FXCanary rates Nemo.money at 54/100 scam risk (High risk), based on regulation & licensing, fund-safety signals, company transparency, complaint history and real user feedback.
See the open scoring breakdown →
Pros
- Beginners attracted by an intuitive mobile experience
- Investors who prioritize responsive customer support
Cons
- Traders requiring guaranteed fast, low-friction withdrawals
- Anyone uncomfortable with startup‑level transparency and regulatory nuance
Regulation & licenses
Every licence on file for Nemo.money, as cross-checked by FXCanary against public regulatory registries.

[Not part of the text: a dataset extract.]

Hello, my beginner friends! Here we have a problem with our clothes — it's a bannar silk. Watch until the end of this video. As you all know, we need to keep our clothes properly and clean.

| Regulator | Type | Licence no. | Status | Country |
|---|---|---|---|---|
| FCA | Forex Execution License (STP) | 777911 | — | United Kingdom |
| ADGM | Forex Execution License (STP) | 200015 | — | United Arab Emirates |
| CMA | Forex Execution License (STP) | 135 | — | Kenya |
How FXCanary Reviewed Nemo.money
To build this assessment, FXCanary’s editorial team conducted an in‑depth review spanning multiple verification layers. We started by extracting all publicly available corporate and regulatory records for Exinity ME Limited, the legal entity behind Nemo.money, and cross‑referencing every licence number against the official registers of the FCA, ADGM, and CMA. While all three licences are confirmed, we dug deeper into the permissions they confer and the investor protection frameworks they trigger.
Next, we analysed the complete record of user feedback, collecting and categorising 111 real reviews from Trustpilot, alongside forex-specific aggregator data and an industry‑recognised risk scoring model. We manually coded each review for the topics that matter most to traders – platform reliability, customer support, withdrawals, fees, and overall trust. Finally, we reconciled these findings with the broker’s own public claims and the structural red flags present in its corporate profile to produce a holistic risk assessment.

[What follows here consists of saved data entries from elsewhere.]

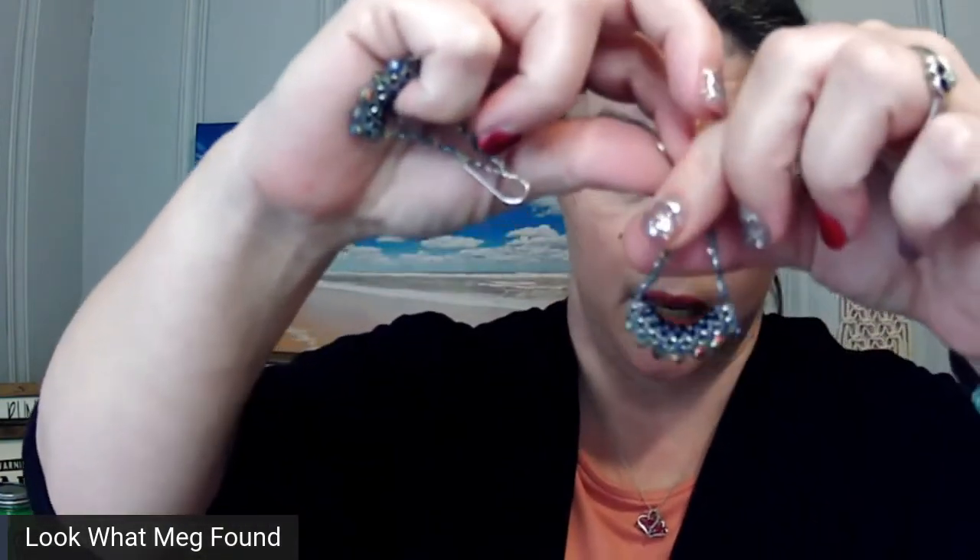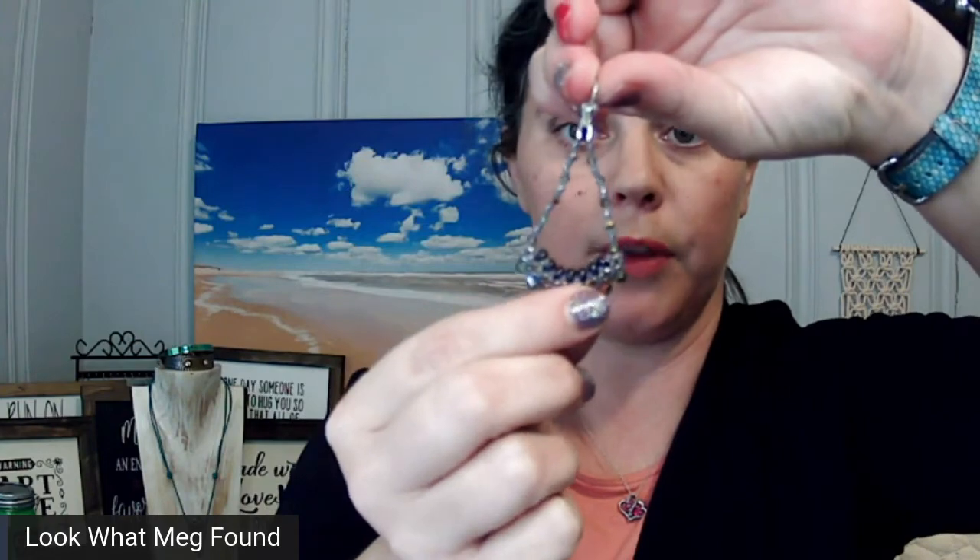This particular set of earrings is made with seed beads, crystals, and super duo beads, all woven together. Look at the shape she was able to get, and again there is no underlying form that the beads are wrapped around — this is all completely hand beaded.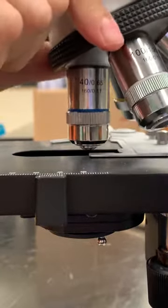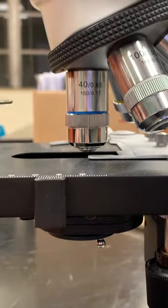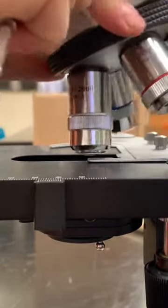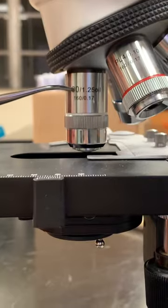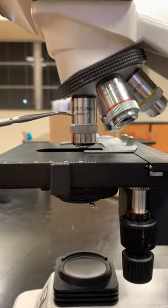Your blue one is your high power objective lens — it has a 40x magnification. The last one and the largest one is called your oil immersion objective lens, and it has a magnification of 100x. Know their names and their magnifications.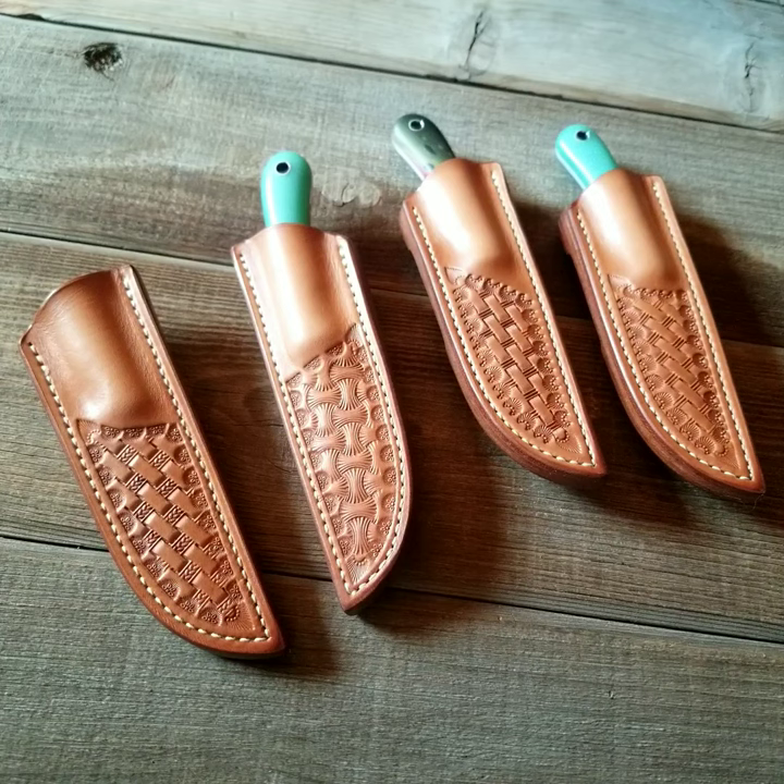I appreciate you guys, and my kids appreciate it too. Every time we ship knives out, they get excited because they know they're getting their $10. And then they're saving it — when I was their age I'd have blown that on candy and video games, but they're saving it. Good for them.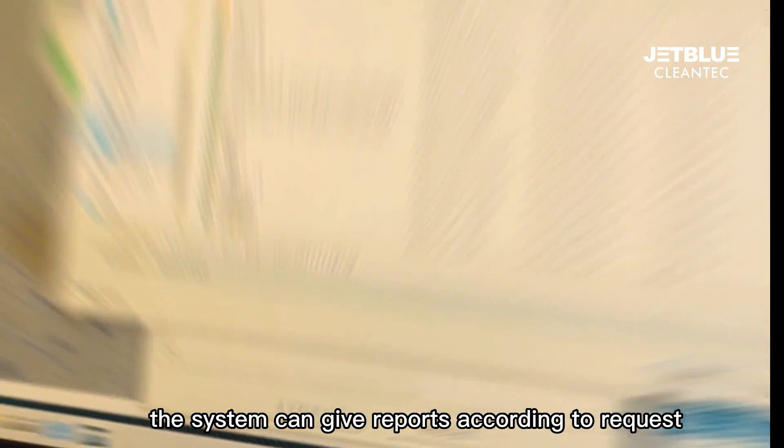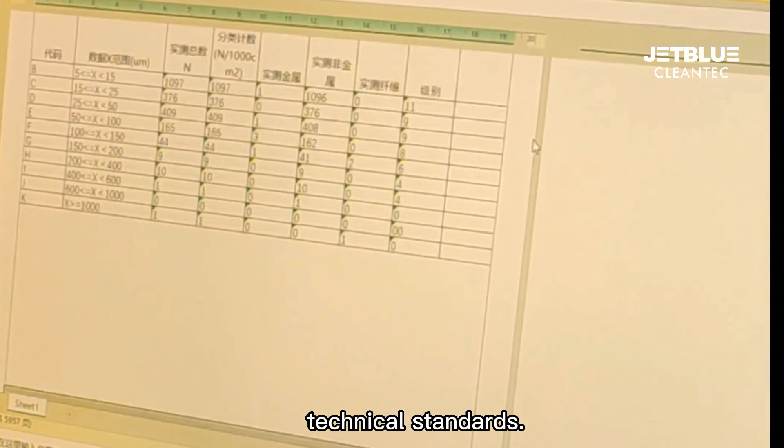After review, the system can generate reports according to the requested technical standards.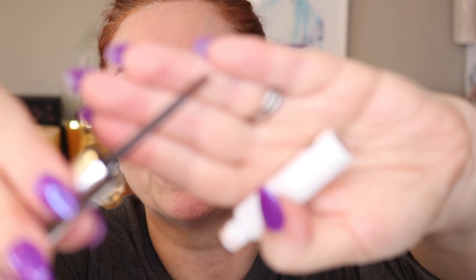For the brows, Glossier Boy Brow is a great product if you're looking for something really quick and easy. It has a tiny little brush — I have this in Auburn and also in Brown. If you're trying to build up your brows a little bit, go in against the hairs, not with them. Make sure you don't have too much on the brush or it's going to get messy. I generally do brows before I put on anything else.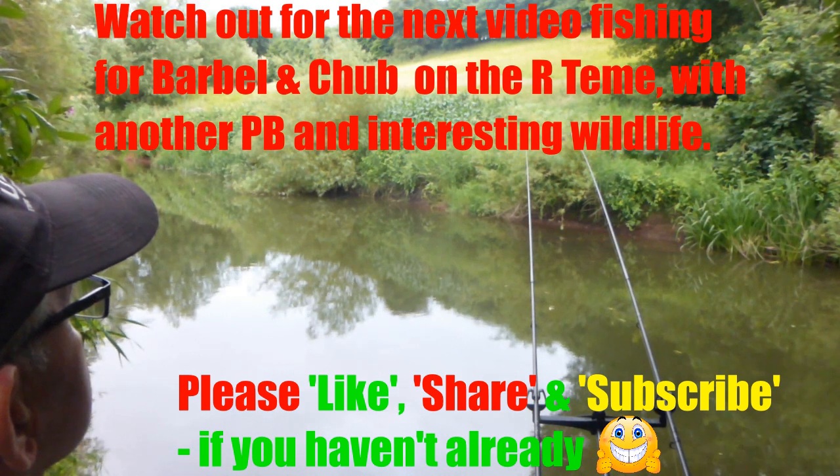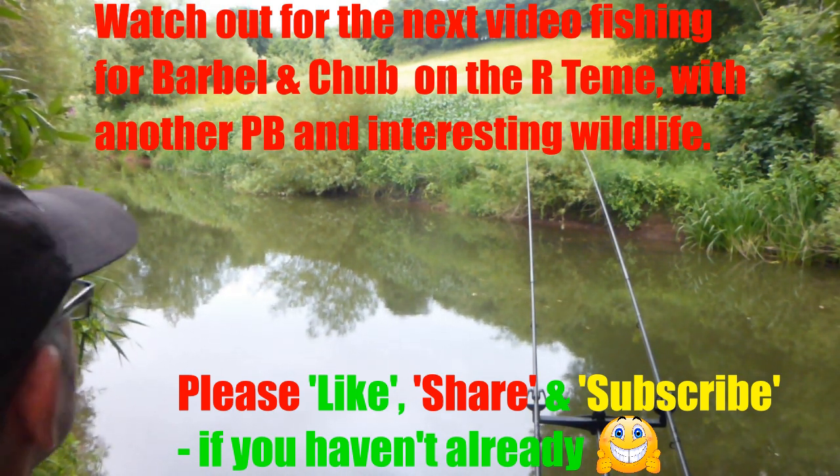Thanks for watching, and I hope you really enjoyed the video. Watch out for more videos to come.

Company Background – A Lean Startup with Unanswered Questions
Nemo.money is operated by Exinity ME Limited, a company registered at 16-104, 16th Floor, Al Khatem Tower, ADGM Square, Al Maryah Island, Abu Dhabi, UAE. The incorporation date is 28 June 2025, making it an exceedingly young entity at the time of writing. While new brokers launch regularly, the corporate registration lists zero employees – a statistic that, if accurate, raises serious concerns about the firm’s capacity to manage client funds, run a compliance department, and handle operational demands.
A staff count of zero could be explained if the company outsources all key functions to a parent group; Exinity ME may well be part of a wider fintech structure. However, no such parent entity is disclosed on the broker’s website or in regulatory submissions visible to us. For a firm that handles retail deposits, this lack of visible human infrastructure is a glaring discrepancy that forces a higher degree of caution.
The registered address is a professional office space within the prestigious ADGM Square, a location that projects credibility. Yet, it is critical to distinguish between a physical office and a genuine operational hub. Without transparent disclosure of the team behind Exinity ME, traders are effectively dealing with an anonymous corporate shell – a common trait among outfits that operate with impunity when disputes arise.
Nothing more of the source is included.